The 1936–37 Challenge Cup was the 37th tournament of rugby league's oldest trophy, the Challenge Cup.  32 clubs entered the competition which was won by Widnes who beat Keighley 18–5 in the final at Wembley Stadium on 8 May 1937.  This was Widnes' second win in the competition and, to date, Keighley's only appearance in the final.

First round
The first round draw was made on 13 January 1937. 16 ties were drawn that were played on 13 February 1937.

First round replay
The replay between Castleford and Batley was played on the Wednesday 17 February 1937.

Second round
The draw for the second round was made on 15 February 1937 with the eight ties schedules 27 February. Only six ties were played that day as heavy snow forced the postponement of the game at Bradford and the match between Widnes and Dewsbury was abandoned at half-time with the score 8–0 to Widnes.

Second round replays
The replay between Castleford and Wigan was played on the Wednesday 3 March 1937 and the rescheduled Widnes v Dewsbury game was played on Thursday 4 March.

Third round
The third round draw was made on 1 March, ties were due to be played on 13 March, but the weather played a part again and the match between Huddersfield and Wigan was postponed an played on 17 March.

Semi-finals
The draw for the semi-finals was delayed until the third round tie between Huddersfield and Wigan had been played and was made on 18 March.  The semi-finals were played at neutral venues on Saturday 3 April.

Semi-final replay
Wakefield and Keighley met to replay their tie at Fartown Huddersfield on 7 April.

Final

Widnes and Keighley met in the final at Wembley Stadium on 8 May 1937. Widnes went 5–0 up within the first ten minutes as Tommy Shannon scored a try which Peter Topping converted.

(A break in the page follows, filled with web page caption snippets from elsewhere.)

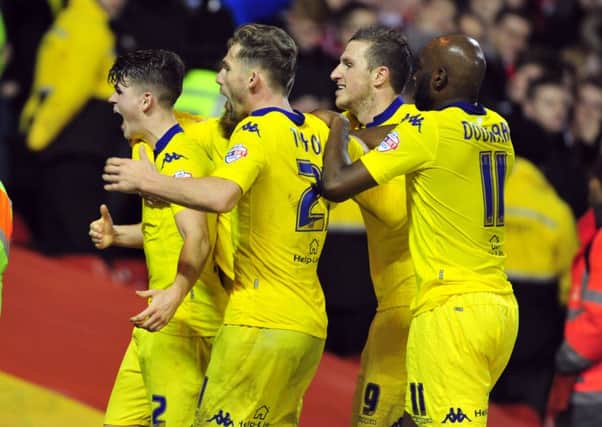 Leeds United players celebrate after Sam Byram, left, had equalised against Nottingham Forest (Picture: Tony Johnson).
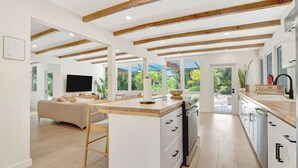 A modern kitchen with wooden beams, a central island, and a dining area with a view. - Casa in Tropic Paradise with Pool and BBQ (Biscayne Park)
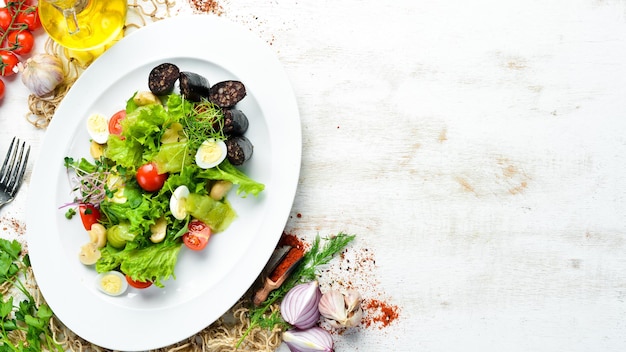 Salad of vegetables, blood sausage and mushrooms on a plate. Top view. free space for your text. Rustic style.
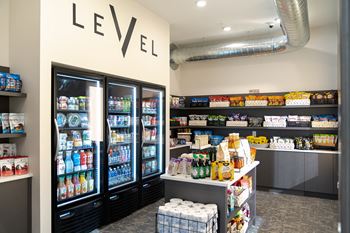 A store with a level sign on the wall and a variety of products on the shelves.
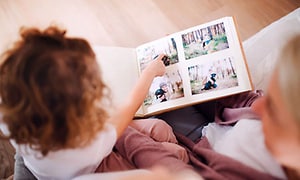 En kvinna och ett barn sitter sitter och tittar på foton i ett fotoalbum, barnet pekar på en av bilderna.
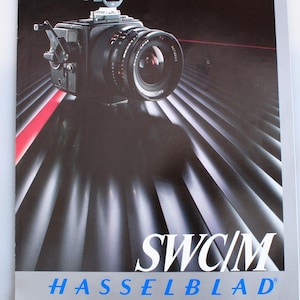 Puede incluir: Una cámara Hasselblad SWC/M negra y plateada con una tapa de lente en el lente. La cámara está sentada sobre una superficie con rayas negras y plateadas. El texto "SWC/M" y "HASSELBLAD" está impreso en blanco sobre un fondo plateado. El texto "SALES & SERVICE" está impreso en negro sobre un fondo blanco. El texto "BERKIE'S PHOTO CENTER" está impreso en negro sobre un fondo blanco. El texto "525 E. Ohio St. Pg., PA 15212-5593" está impreso en negro sobre un fondo blanco. El texto "(412) 231-1718" está impreso en negro sobre un fondo blanco.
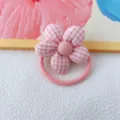 Pink gingham fabric flower hair tie detail close up, cute floral hair scrunchie accessory. - Pink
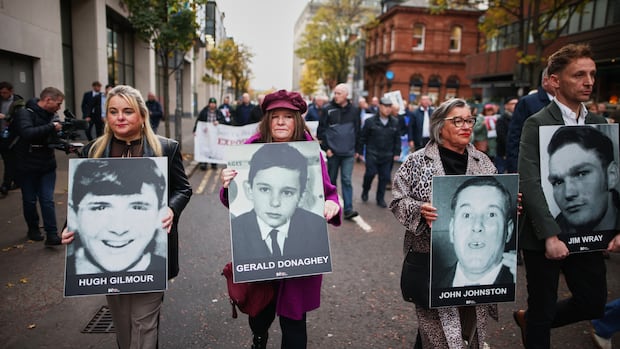 Relatives and supporters of the victims of the 1972 Bloody Sunday massacre march to Belfast Crown Court ahead of the verdict on the trial of a British soldier identified only as Soldier F, Belfast, in Northern Ireland, Thursday, Oct. 23, 2025. (AP Photo/Peter Morrison) Several people, men and women, hold up signs bearing images of other people in an outdoor demonstration on a street.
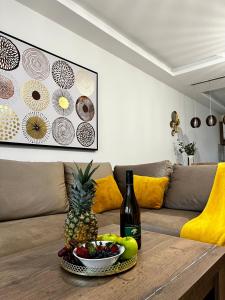 a table with a bowl of fruit and a bottle of wine at Sunshine Homes Zamárdi in Zamárdi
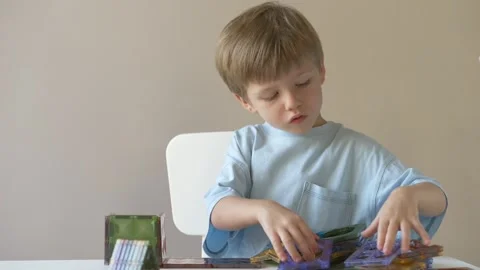 Focused 4-year-old blond boy carefully builds colorful structure with magnetic Stock Footage 318294550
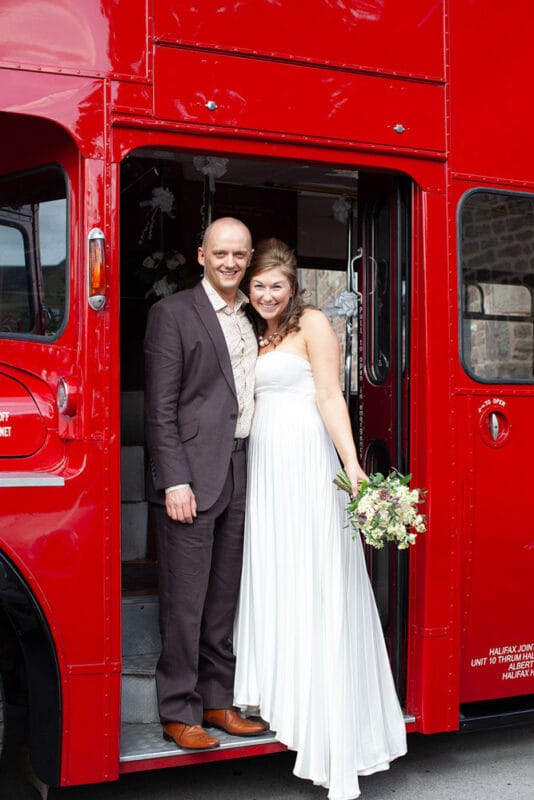 Happy couple smiling on the steps of their red wedding bus in Sheffield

Just before the half-hour mark, Widnes scored another try as Tommy McCue over to give Widnes an 8–0 lead which remained the score at half-time. Immediately after the second half kicked off, Keighley were awarded a penalty which Joseph Sherburn kicked to reduce Widnes' lead to six points. Some Keighley pressure came to nothing and Ken Barber intercepted a pass to score Widnes' third try which Topping converted. Five minutes later Widnes' put the game beyond Keighley's reach as captain Nat Silcock scored their fourth try. Topping missed the conversion but made amends by kicking a penalty after an hours play. With the score 18–2 with minutes left to play, Keighley scored their only try as Reg Lloyd went over making the final score 18–5 to Widnes. The attendance or the game was 47,699 and the gate receipts totalled £6,579.